Netty - Best Practices a.k.a Faster == Better

Agenda

HTTP / Pipelining
Writing gracefully
Buffers best-practises
EventLoop

No Pipelining Optimization

public class HttpHandler extends SimpleChannelInboundHandler<HttpRequest> {
  @Override
  public void channelRead(ChannelHandlerContext ctx, HttpRequest req) {
    ChannelFuture future = ctx.writeAndFlush(createResponse(req)); (1)
    if (!isKeepAlive(req)) {
      future.addListener(ChannelFutureListener.CLOSE); (2)
    }
  }
}

1	Write to the Channel and flush out to the Socket.
2	After written close Socket

Pipelining to safe syscalls!

public class HttpPipeliningHandler extends SimpleChannelInboundHandler<HttpRequest> {
  @Override
  public void channelRead(ChannelHandlerContext ctx, HttpRequest req) {
    ChannelFuture future = ctx.write(createResponse(req)); (1)
    if (!isKeepAlive(req)) {
      future.addListener(ChannelFutureListener.CLOSE); (2)
    }
  }
  @Override
  public void channelReadComplete(ChannelHandlerContext ctx) {
    ctx.flush(); (3)
  }
}

1	Write to the `Channel` (No syscall!) but don’t flush yet
2	Close socket when done writing
3	Flush out to the socket.

Validate headers or not ?

Validate headers for US-ASCII

ChannelPipeline pipeline = channel.pipeline();
pipeline.addLast(new HttpRequestDecoder(4096, 8192, 8192));

HttpResponse response = new DefaultHttpResponse(HttpVersion.HTTP_1_1, HttpStatus.OK);

Not validate headers for US-ASCII

ChannelPipeline pipeline = channel.pipeline();
pipeline.addLast(new HttpRequestDecoder(4096, 8192, 8192, false));

HttpResponse response = new DefaultHttpResponse(HttpVersion.HTTP_1_1, HttpStatus.OK, false);

Validation takes time and most of the times it is not needed directly in the decoder/encoder.
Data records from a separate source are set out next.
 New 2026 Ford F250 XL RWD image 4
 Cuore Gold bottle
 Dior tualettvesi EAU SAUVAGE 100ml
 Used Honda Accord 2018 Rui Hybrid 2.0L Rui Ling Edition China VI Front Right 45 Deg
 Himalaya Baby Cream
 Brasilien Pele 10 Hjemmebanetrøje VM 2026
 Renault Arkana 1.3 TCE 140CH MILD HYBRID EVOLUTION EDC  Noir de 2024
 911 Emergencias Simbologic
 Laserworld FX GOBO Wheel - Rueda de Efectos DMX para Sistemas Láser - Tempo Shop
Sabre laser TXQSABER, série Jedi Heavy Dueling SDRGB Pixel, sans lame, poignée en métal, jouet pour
Static header names and values via HttpHeaders.newEntity(…).

private static final CharSequence X_HEADER_NAME = HttpHeaders.newEntity("X-Header"); (1)
private static final CharSequence X_VALUE = HttpHeaders.newEntity("Value");

pipeline.addLast(new SimpleChannelInboundHandler<FullHttpRequest>() {
  @Override
  public void channelRead(ChannelHandlerContext ctx, FullHttpRequest req) {
    FullHttpResponse response = new FullHttpResponse(HTTP_1_1, OK);
    response.headers().set(X_HEADER_NAME, X_VALUE); (2)
    ...
    ctx.writeAndFlush(response);
  }
});

1	Create `CharSequence` for often used header names and values.
2	Add to `HttpHeader` of `FullHttpResponse`

Created CharSequence is faster to encode and faster to find in HttpHeaders.
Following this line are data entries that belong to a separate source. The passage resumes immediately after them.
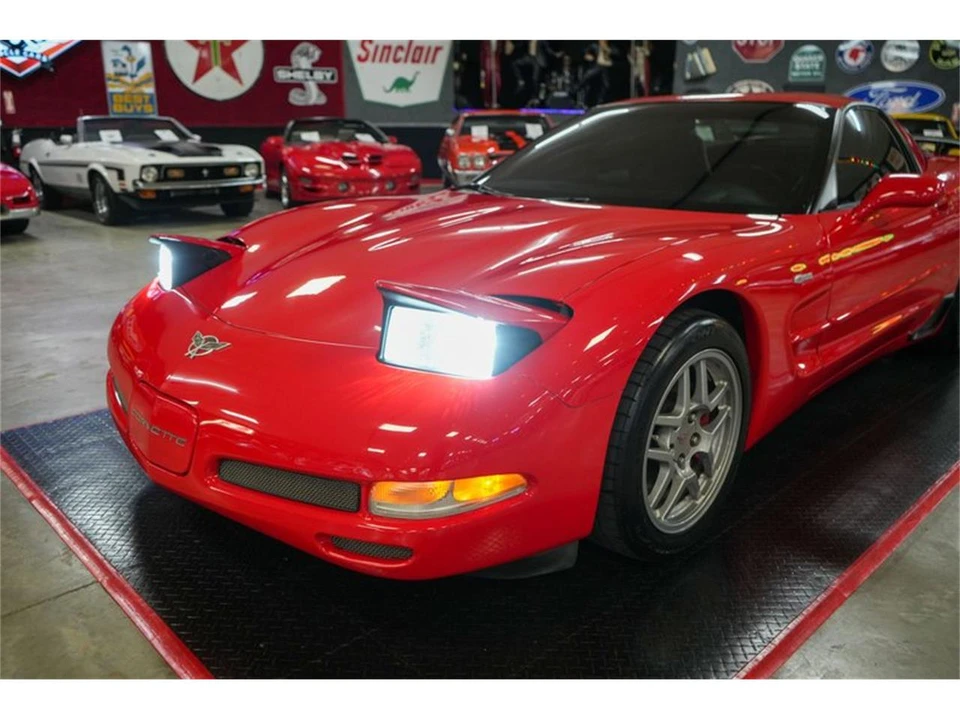 2003 Chevrolet Corvette C5 Z06 - Image 30 of 31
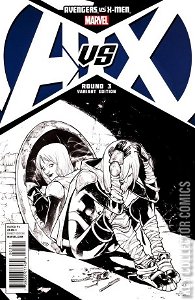 Avengers vs. X-Men #3 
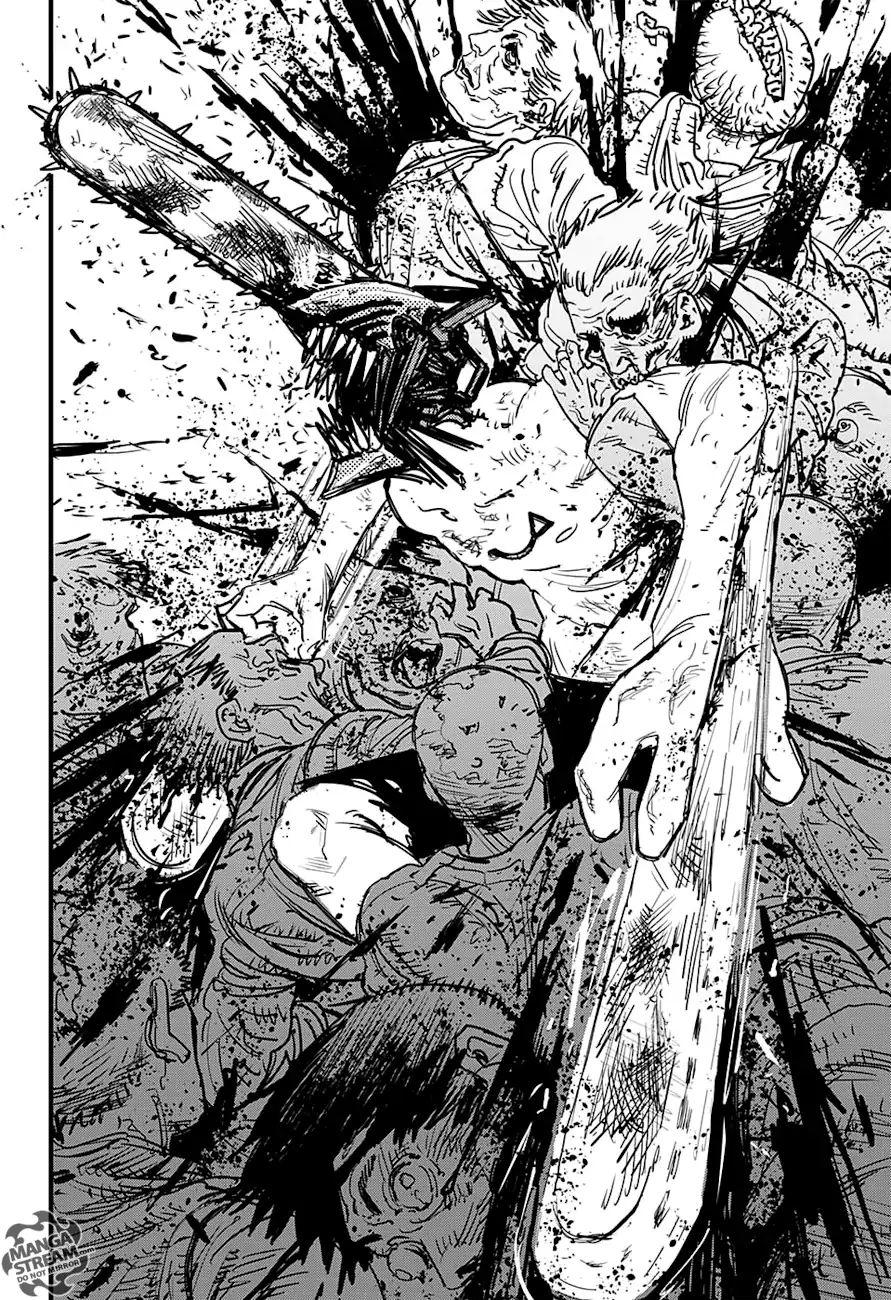 Chainsaw Man Chapter 1: A Dog And A Chainsaw page 42 - Mangakakalot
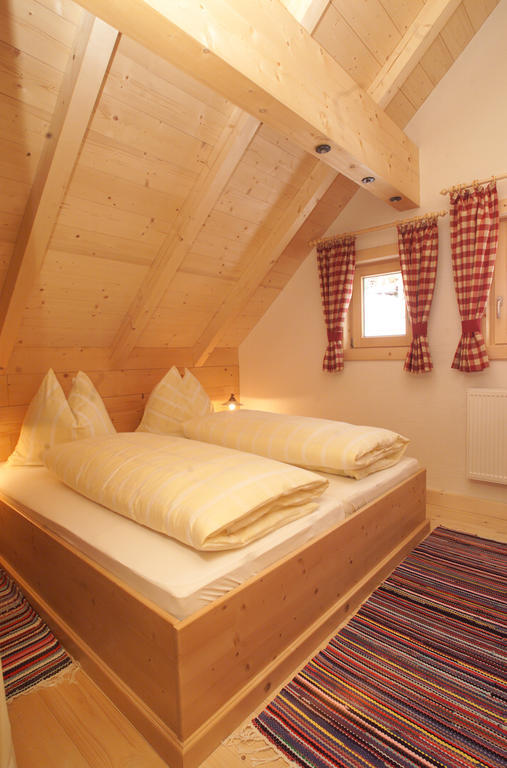 Naturdorf Oberkühnreit Neukirchen am Großvenediger Habitación foto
write(msg) , flush() and writeAndFlush(msg)

write(msg) ⇒ pass through pipeline

flush() ⇒ gathering write of previous written msgs

writeAndFlush() ⇒ short-cut for write(msg) and flush()

Limit flushes as much as possible as syscalls are quite expensive.

But also limit write(...) as much as possible as it need to traverse the whole pipeline.

May write too fast!

public class BlindlyWriteHandler extends ChannelInboundHandlerAdapter {
  @Override
  public void channelActive(ChannelHandlerContext ctx) throws Exception {
    while(needsToWrite) { (1)
        ctx.writeAndFlush(createMessage());
    }
  }
}

1	Writes till `needsToWrite` returns `false`.

Risk of OutOfMemoryError if writing too fast and having slow receiver!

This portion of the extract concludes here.